火星16型の発射は、CIAに北朝鮮のICBMが完成段階に近づいたと確信させた。最近、CIA長官マイク・ポンペオは米国大統領に対し、米国には北朝鮮のICBM計画を先制攻撃するための「
3ヶ月の猶予期間がある」と助言した。北朝鮮の核の成功(当初は2017年11月29日に発表)と核ドクトリン(2018年1月1日に発表)の性急な宣言は、先制攻撃の猶予期間はなく、いかなる攻撃も軍事行動、おそらくは核弾頭による対抗を受けるだろうというシグナルを米国に送るものである。

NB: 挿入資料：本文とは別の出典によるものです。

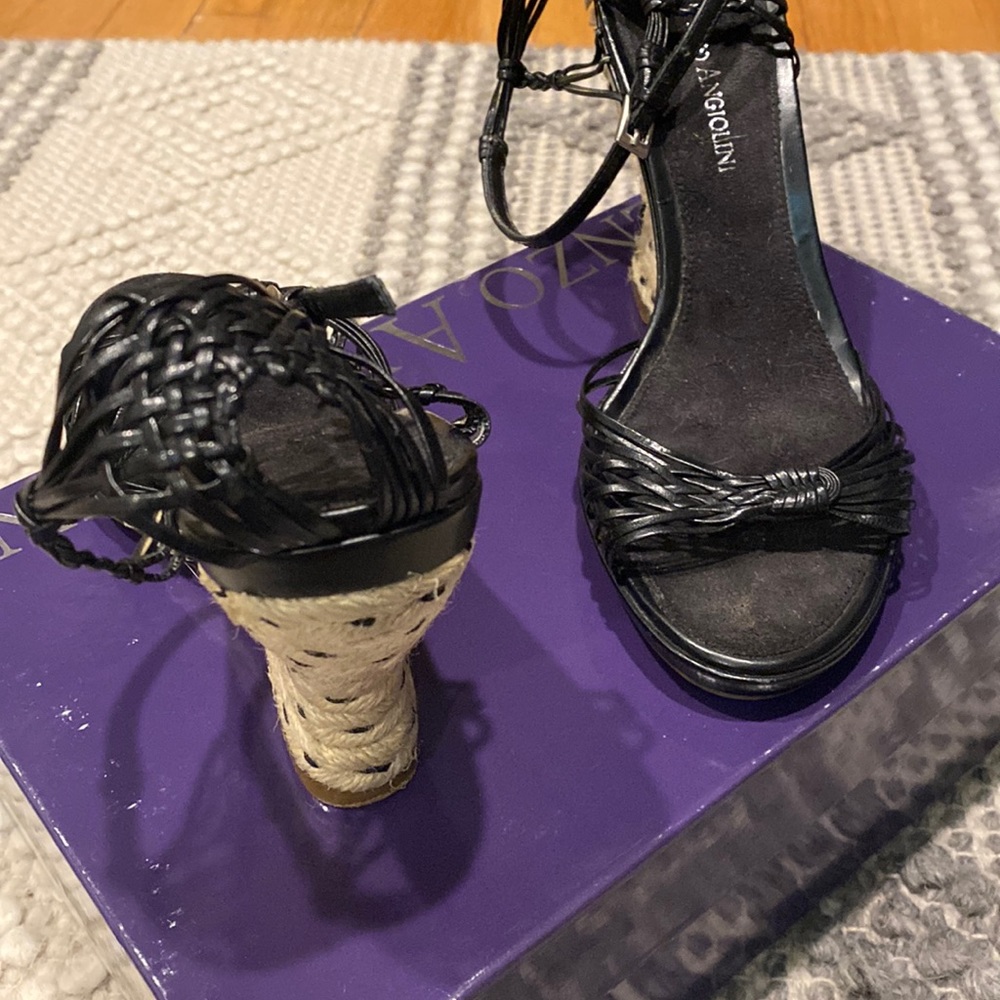 Black leather espadrilles.  Gently worn.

1998年、国際オリンピック委員会は、すべての国に休戦を遵守するよう呼びかける古代ギリシャの伝統である「オリンピック休戦」、または「エケケイリア」を復活させた。米国と北朝鮮の間でオリンピック休戦が呼びかけられたのは、1953年に朝鮮戦争を停止する休戦協定に署名した両国であるという歴史的皮肉がある。米国副大統領と北朝鮮最高人民会議常任委員会の委員長が、それぞれの国の代表団長として平昌オリンピックを訪問する予定である。これまでのところ、両国間の直接的な会談や交渉の兆候はない。状況は行き詰まりに達したように見えるが、この行き詰まりは、米国の(実際にはCIAの)自己課した「3月の窓」という期限のために、不安定に見える。
この行き詰まりは、朝鮮半島で数百万人の罪のない命を奪い、改善しつつある世界経済を脱線させる可能性のある壊滅的な結果を避けるために、いずれかの当事者が最初に相手にパンチを入れるという取り返しのつかない選択(北朝鮮によるグアム爆撃または米国の「血の鼻」作戦)をする前に、打破されなければならない。
この状況は、「正直な仲介者」の役割を誰かに果たすことを求めている。それは、韓国、中国、ロシア、EU、国連、または両国に真実の情報を提供し、両国のトップの意思決定者に相互の安全と利益を確保する最善の選択肢を選ぶよう説得できる、効果的な個人である可能性がある。この行き詰まりを解決する上で最も高い利害関係を持つのは文在寅(ムン・ジェイン)大統領であることは間違いない。■
著者
朴鍾熙(パク・ジョンヒ)は現在、ソウル大学政治外交学部で准教授を務めている。研究分野は、政治方法論と国際政治経済学。ワシントン大学セントルイス校で博士号を取得。
*この本文は韓国語で書かれた原文を AI で翻訳したものです。一部の翻訳やニュアンスに誤りがある場合があります。